## Your goal
Give back every entry below, unchanged.

[Start of section]

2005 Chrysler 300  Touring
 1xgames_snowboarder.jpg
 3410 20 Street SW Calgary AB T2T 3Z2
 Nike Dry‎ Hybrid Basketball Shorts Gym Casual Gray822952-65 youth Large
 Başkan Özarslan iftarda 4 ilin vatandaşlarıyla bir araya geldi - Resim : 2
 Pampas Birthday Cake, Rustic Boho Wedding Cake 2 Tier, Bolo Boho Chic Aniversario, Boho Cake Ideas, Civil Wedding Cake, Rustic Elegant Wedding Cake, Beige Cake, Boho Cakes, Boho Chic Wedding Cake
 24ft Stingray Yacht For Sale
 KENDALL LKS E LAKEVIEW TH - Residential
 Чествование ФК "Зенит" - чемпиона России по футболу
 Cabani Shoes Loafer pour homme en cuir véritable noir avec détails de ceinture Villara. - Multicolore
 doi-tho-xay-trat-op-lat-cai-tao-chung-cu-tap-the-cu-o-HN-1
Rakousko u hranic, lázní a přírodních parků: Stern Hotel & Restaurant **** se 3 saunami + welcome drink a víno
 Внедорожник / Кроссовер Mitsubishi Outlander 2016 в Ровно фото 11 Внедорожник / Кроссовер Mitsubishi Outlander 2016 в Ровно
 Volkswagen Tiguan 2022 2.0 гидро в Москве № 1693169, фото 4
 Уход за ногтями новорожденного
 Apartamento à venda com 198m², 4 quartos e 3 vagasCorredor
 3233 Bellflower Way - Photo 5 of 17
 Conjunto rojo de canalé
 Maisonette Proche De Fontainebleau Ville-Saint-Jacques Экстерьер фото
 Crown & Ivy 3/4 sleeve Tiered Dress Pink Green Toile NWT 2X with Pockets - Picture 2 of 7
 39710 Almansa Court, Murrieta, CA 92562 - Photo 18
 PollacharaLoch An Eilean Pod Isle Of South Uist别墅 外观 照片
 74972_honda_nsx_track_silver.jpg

[End of section]

## Answer section
2005 Chrysler 300  Touring
 1xgames_snowboarder.jpg
 3410 20 Street SW Calgary AB T2T 3Z2
 Nike Dry‎ Hybrid Basketball Shorts Gym Casual Gray822952-65 youth Large
 Başkan Özarslan iftarda 4 ilin vatandaşlarıyla bir araya geldi - Resim : 2
 Pampas Birthday Cake, Rustic Boho Wedding Cake 2 Tier, Bolo Boho Chic Aniversario, Boho Cake Ideas, Civil Wedding Cake, Rustic Elegant Wedding Cake, Beige Cake, Boho Cakes, Boho Chic Wedding Cake
 24ft Stingray Yacht For Sale
 KENDALL LKS E LAKEVIEW TH - Residential
 Чествование ФК "Зенит" - чемпиона России по футболу
 Cabani Shoes Loafer pour homme en cuir véritable noir avec détails de ceinture Villara. - Multicolore
 doi-tho-xay-trat-op-lat-cai-tao-chung-cu-tap-the-cu-o-HN-1
Rakousko u hranic, lázní a přírodních parků: Stern Hotel & Restaurant **** se 3 saunami + welcome drink a víno
 Внедорожник / Кроссовер Mitsubishi Outlander 2016 в Ровно фото 11 Внедорожник / Кроссовер Mitsubishi Outlander 2016 в Ровно
 Volkswagen Tiguan 2022 2.0 гидро в Москве № 1693169, фото 4
 Уход за ногтями новорожденного
 Apartamento à venda com 198m², 4 quartos e 3 vagasCorredor
 3233 Bellflower Way - Photo 5 of 17
 Conjunto rojo de canalé
 Maisonette Proche De Fontainebleau Ville-Saint-Jacques Экстерьер фото
 Crown & Ivy 3/4 sleeve Tiered Dress Pink Green Toile NWT 2X with Pockets - Picture 2 of 7
 39710 Almansa Court, Murrieta, CA 92562 - Photo 18
 PollacharaLoch An Eilean Pod Isle Of South Uist别墅 外观 照片
 74972_honda_nsx_track_silver.jpg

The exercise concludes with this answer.